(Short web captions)
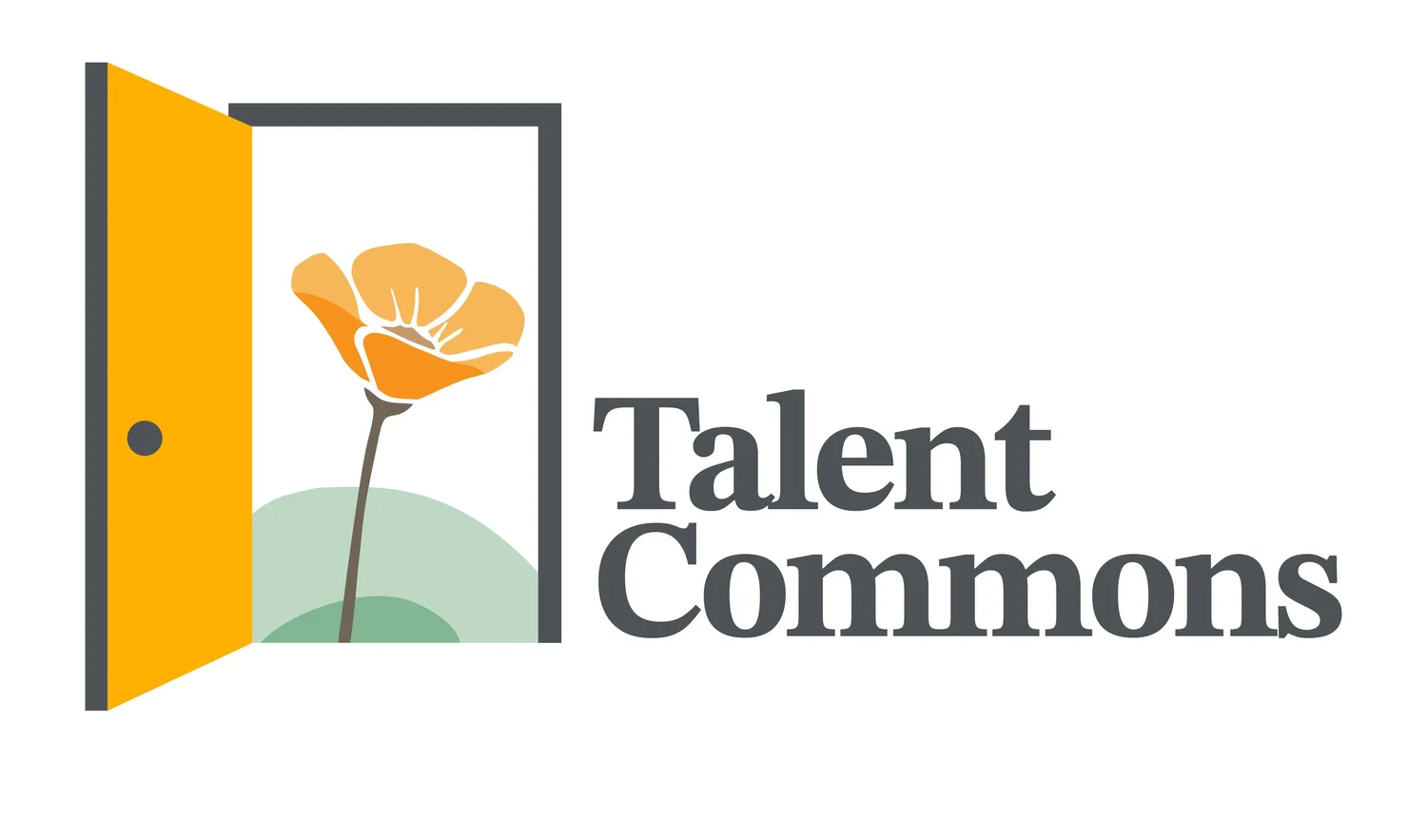 Talent Commons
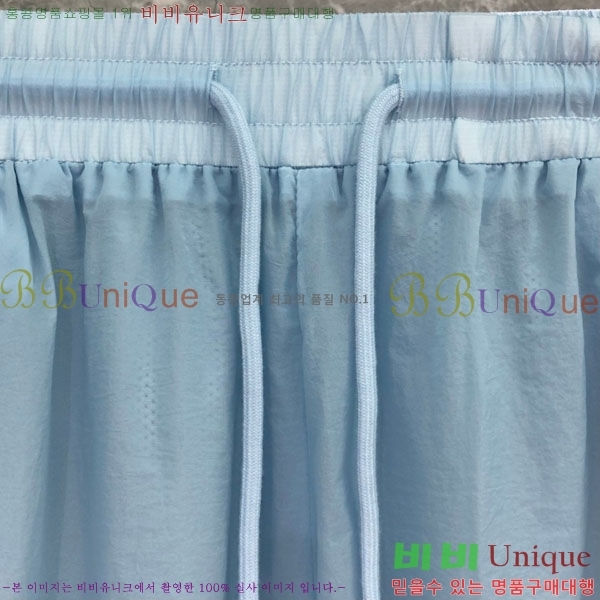  ����� �ݹ��� TB6853555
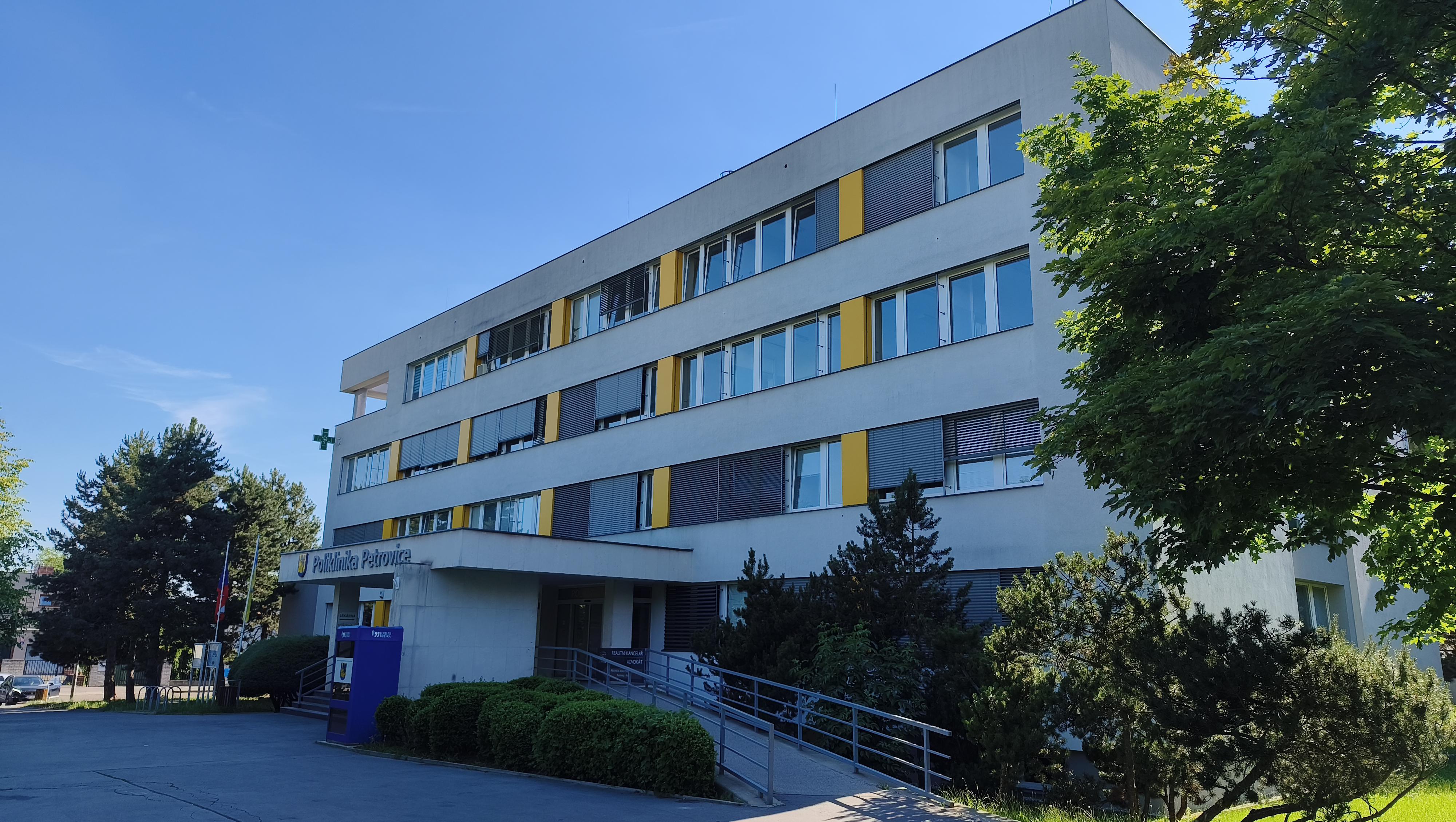 Lekarny-ipc.cz foto 2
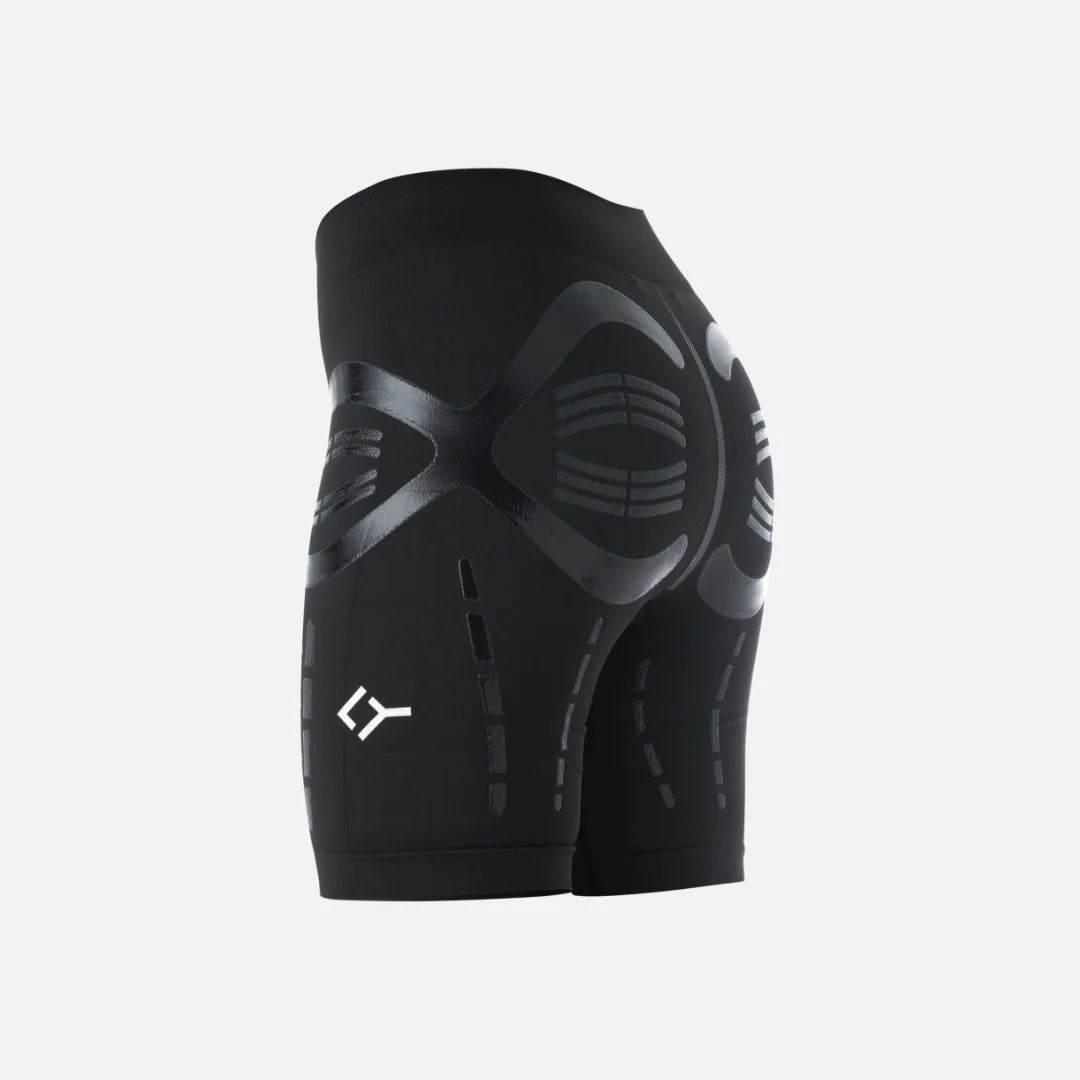 Shorts ACTIVATOR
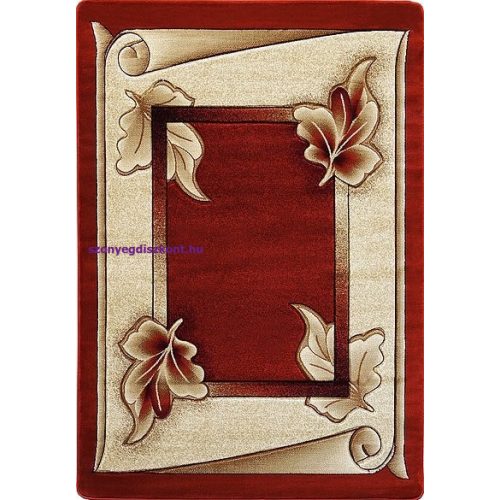 Ber. Adora 7014 T 60X90Cm Szőnyeg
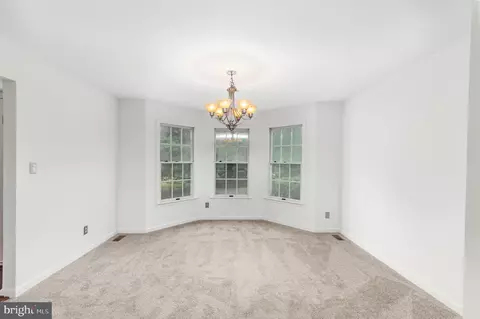 Other - 4254 Ridgeway Dr, Brandywine, MD 20613 photo 5 of 19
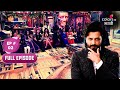 Bigg Boss Marathi S6 Full Ep 2 No Entry In The House First Twist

▶ [EXERCISE]: From the line containing "Other - 4254" down to the last line of the data, print every line exactly and nothing else. Pictures stay out of the copy.

▶ [ANSWER SECTION]:
 Other - 4254 Ridgeway Dr, Brandywine, MD 20613 photo 5 of 19
 Bigg Boss Marathi S6 Full Ep 2 No Entry In The House First Twist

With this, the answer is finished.